* _What the task asks_
Down to the last line below, repeat the entries word for word and drop the pictures.

* _Records supplied_
---

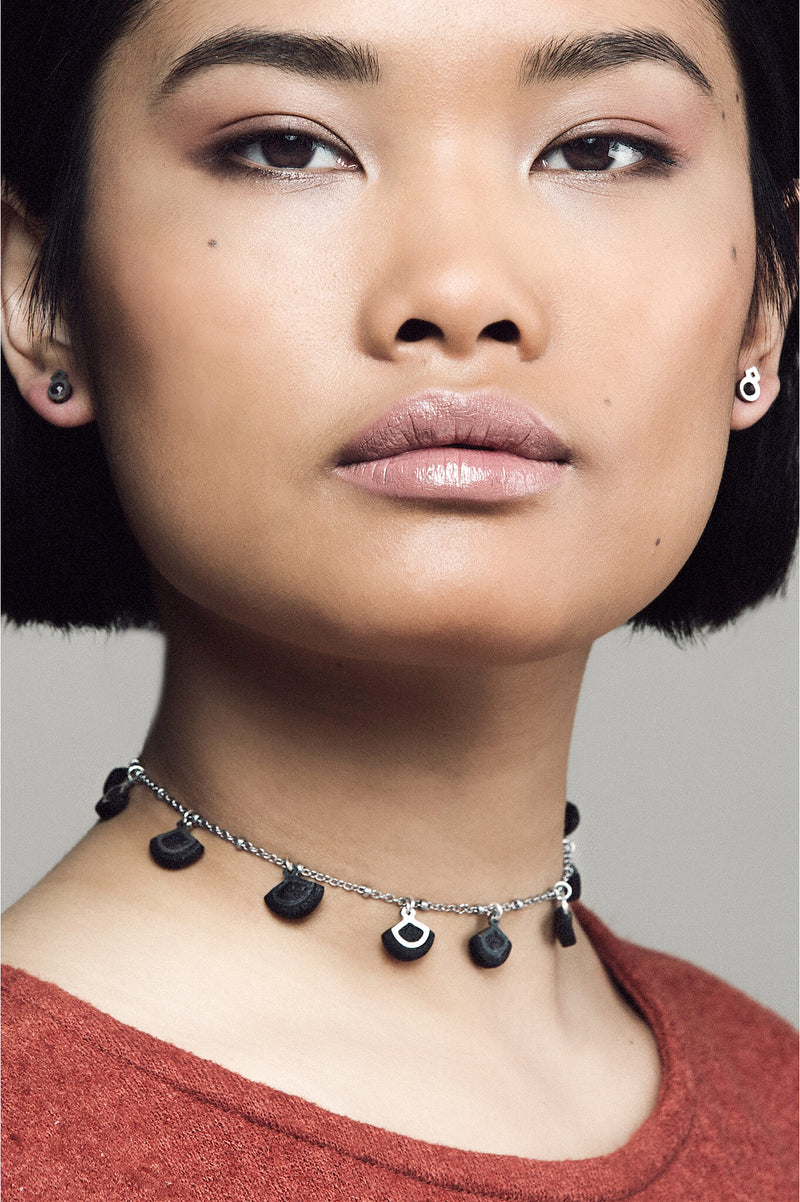 fashion model wearing designer Bijoux Pépine's St-Jacques luxury necklace in black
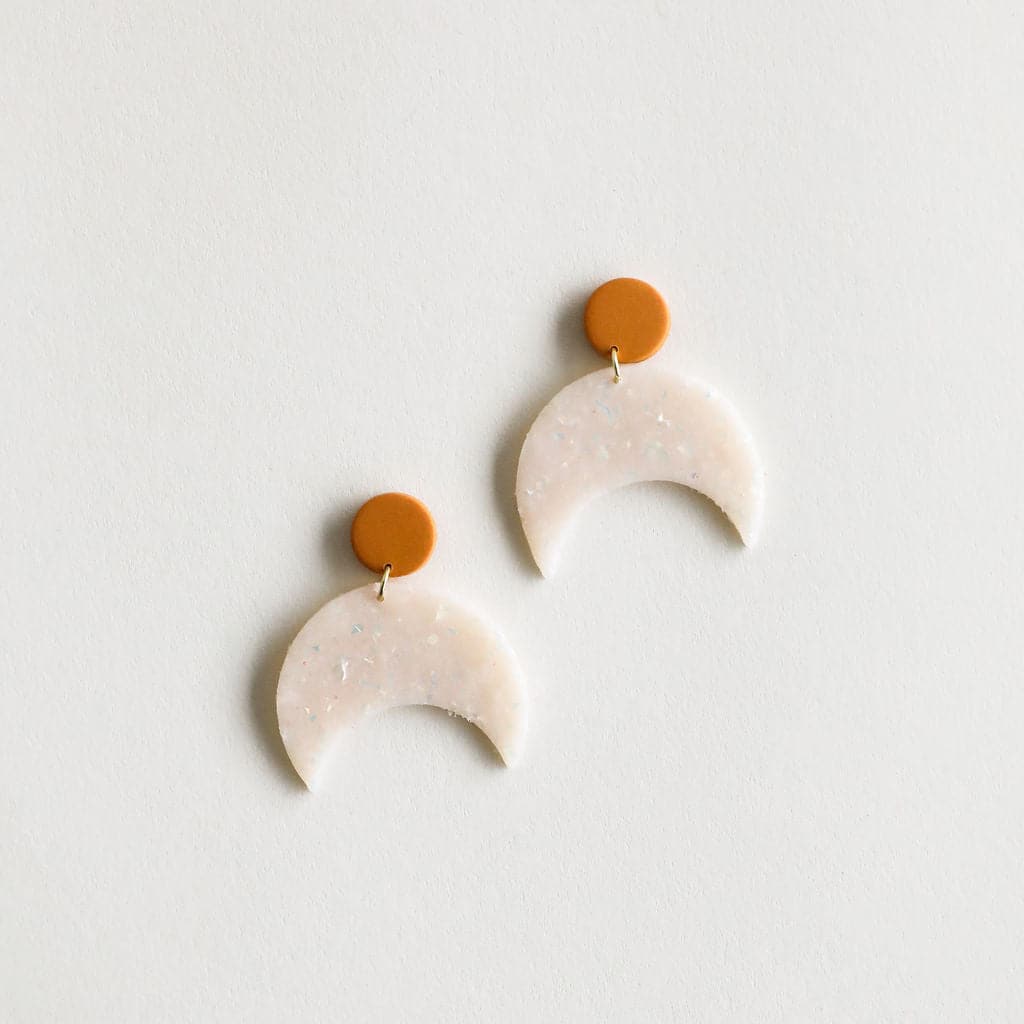 Earrings with a opalescent moon hanging off of a small orange circle on a white background.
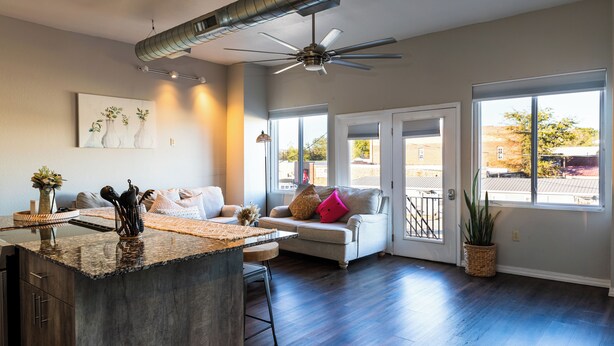 A spacious living area with a kitchen island, a ceiling fan, and large windows offering views of the outside.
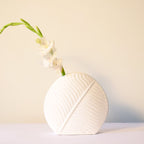White leaf ceramic flower vase styled with fresh blooms in a modern luxury living room featuring elegant contemporary décor.
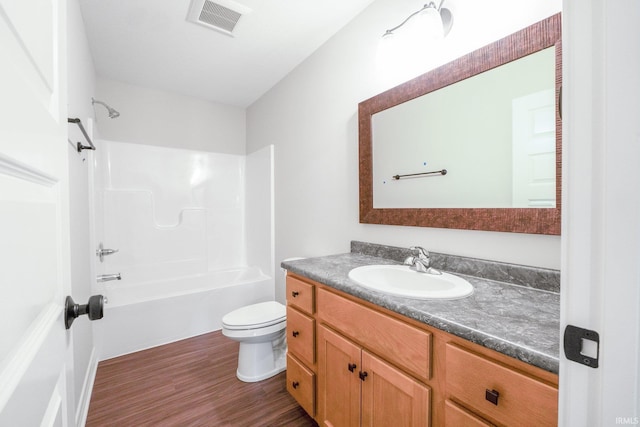 bathroom with bathtub / shower combination, visible vents, toilet, vanity, and wood finished floors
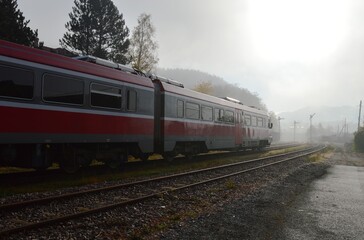 red train and foggy morning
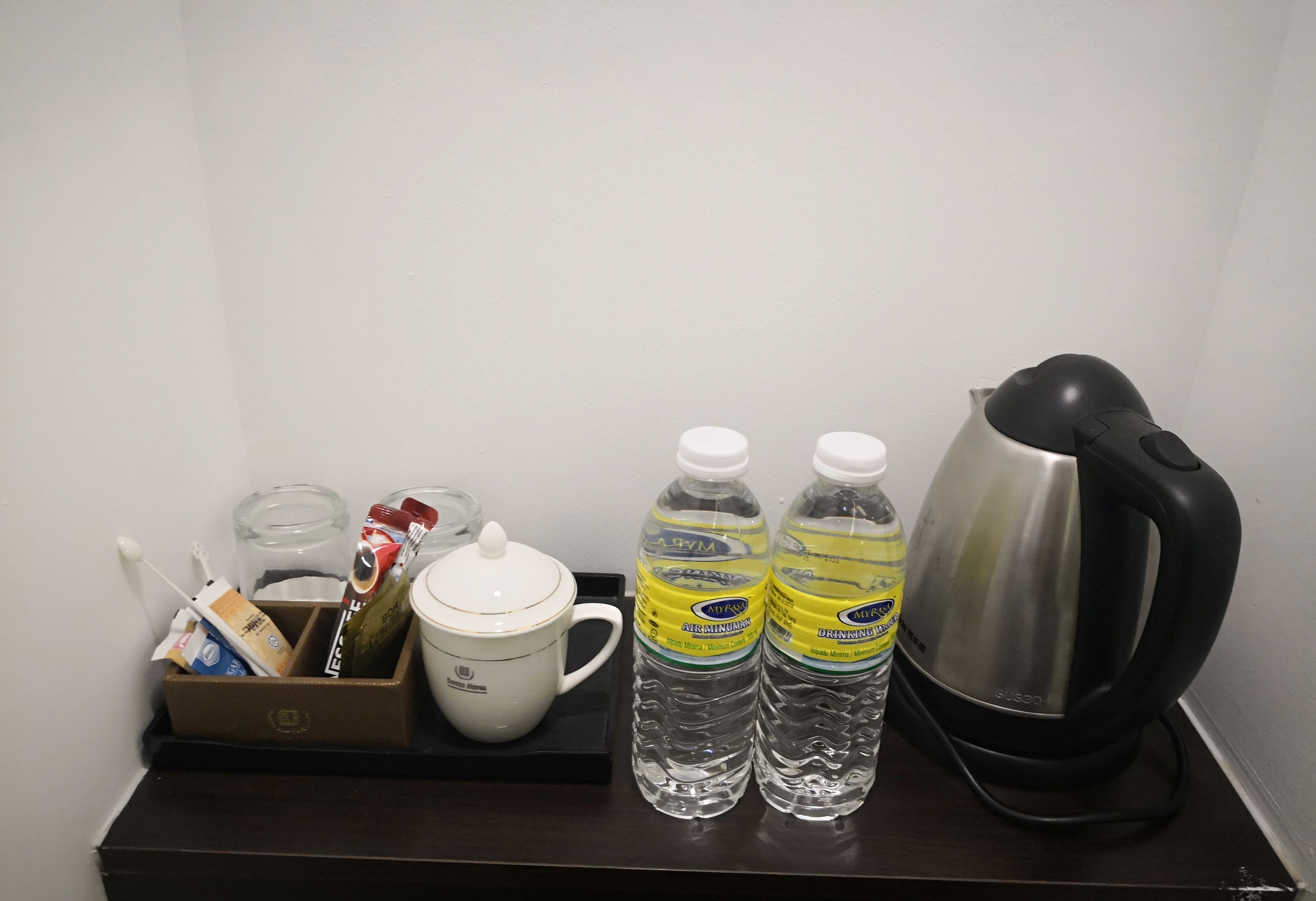 A small kitchenette area with a coffee maker, two bottles of water, a cup, and a box of tissues.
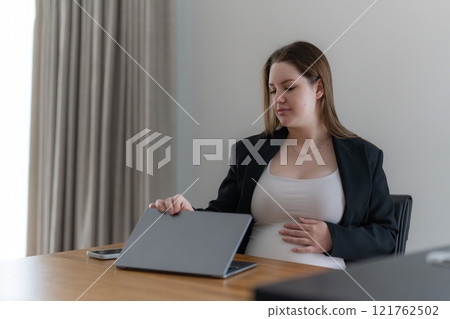Gen Z pregnant business woman using a laptop and holding one hand on her belly while working at home office remotely Gen Z pregnant business woman using a laptop and holding one hand on her belly while working at home office remotely 121762502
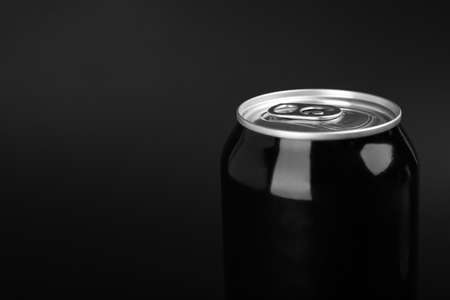 Can of energy drink on black background, closeup. Space for textの写真素材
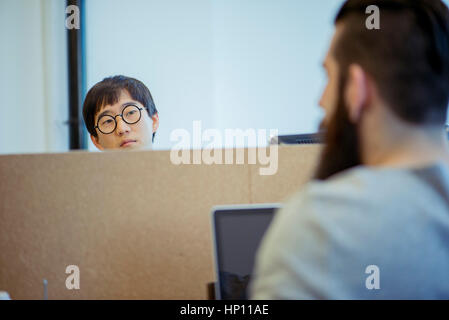 Coworkers chatting over cubicle wall Stock Photo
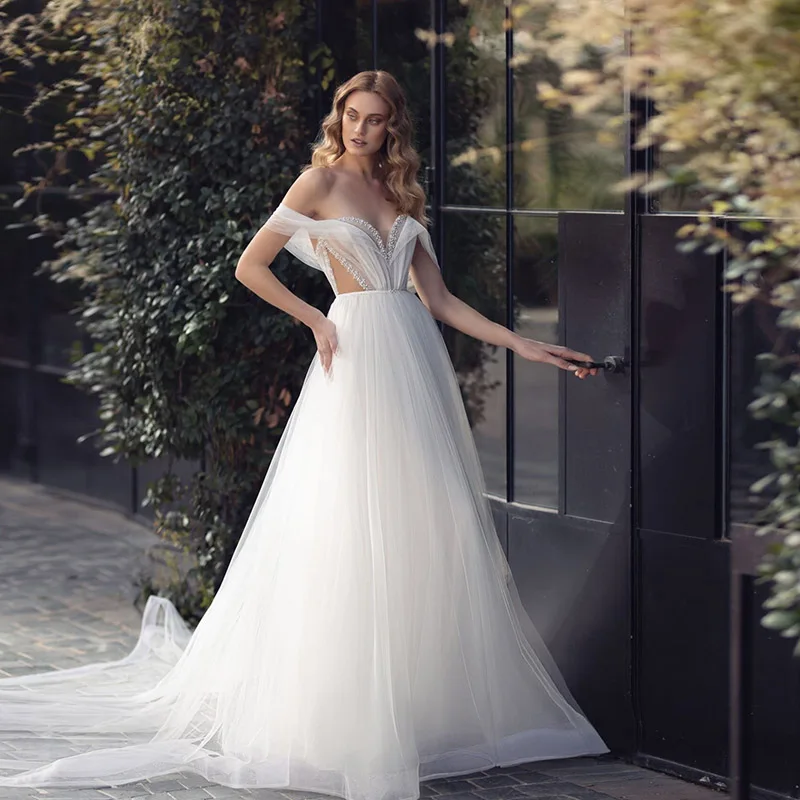 Boho Beach Off The Shoulder Wedding Dress A-Line Beaded Tulle Floor Length Bridal Gowns 2022 vestido de noiva renda
Boho Beach Off The Shoulder Wedding Dress A-Line Beaded Tulle Floor Length Bridal Gowns 2022 vestido de noiva renda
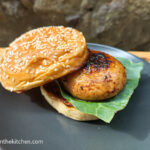 On a wooden cutting board a black matte plate with a brioche hamburger bun with sesame seeds, a marinated mushroom burger and a sheet of leaf lettuce.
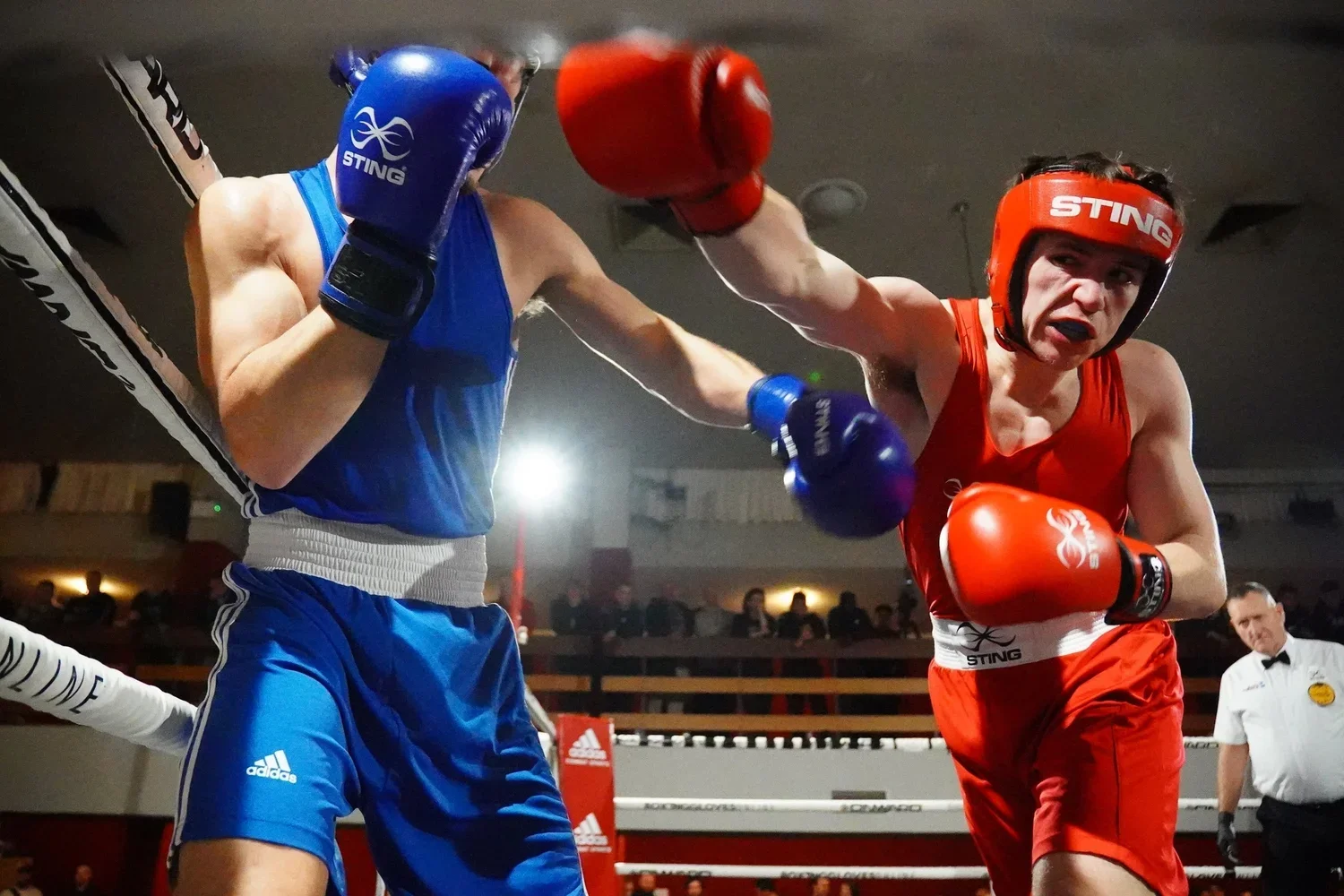 two boxers fighting with one boxer throwing a punch at the other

---

* _Expected answer_
 fashion model wearing designer Bijoux Pépine's St-Jacques luxury necklace in black
 Earrings with a opalescent moon hanging off of a small orange circle on a white background.
 A spacious living area with a kitchen island, a ceiling fan, and large windows offering views of the outside.
White leaf ceramic flower vase styled with fresh blooms in a modern luxury living room featuring elegant contemporary décor.
 bathroom with bathtub / shower combination, visible vents, toilet, vanity, and wood finished floors
 red train and foggy morning
 A small kitchenette area with a coffee maker, two bottles of water, a cup, and a box of tissues.
Gen Z pregnant business woman using a laptop and holding one hand on her belly while working at home office remotely Gen Z pregnant business woman using a laptop and holding one hand on her belly while working at home office remotely 121762502
 Can of energy drink on black background, closeup. Space for textの写真素材
 Coworkers chatting over cubicle wall Stock Photo
 Boho Beach Off The Shoulder Wedding Dress A-Line Beaded Tulle Floor Length Bridal Gowns 2022 vestido de noiva renda
Boho Beach Off The Shoulder Wedding Dress A-Line Beaded Tulle Floor Length Bridal Gowns 2022 vestido de noiva renda
 On a wooden cutting board a black matte plate with a brioche hamburger bun with sesame seeds, a marinated mushroom burger and a sheet of leaf lettuce.
 two boxers fighting with one boxer throwing a punch at the other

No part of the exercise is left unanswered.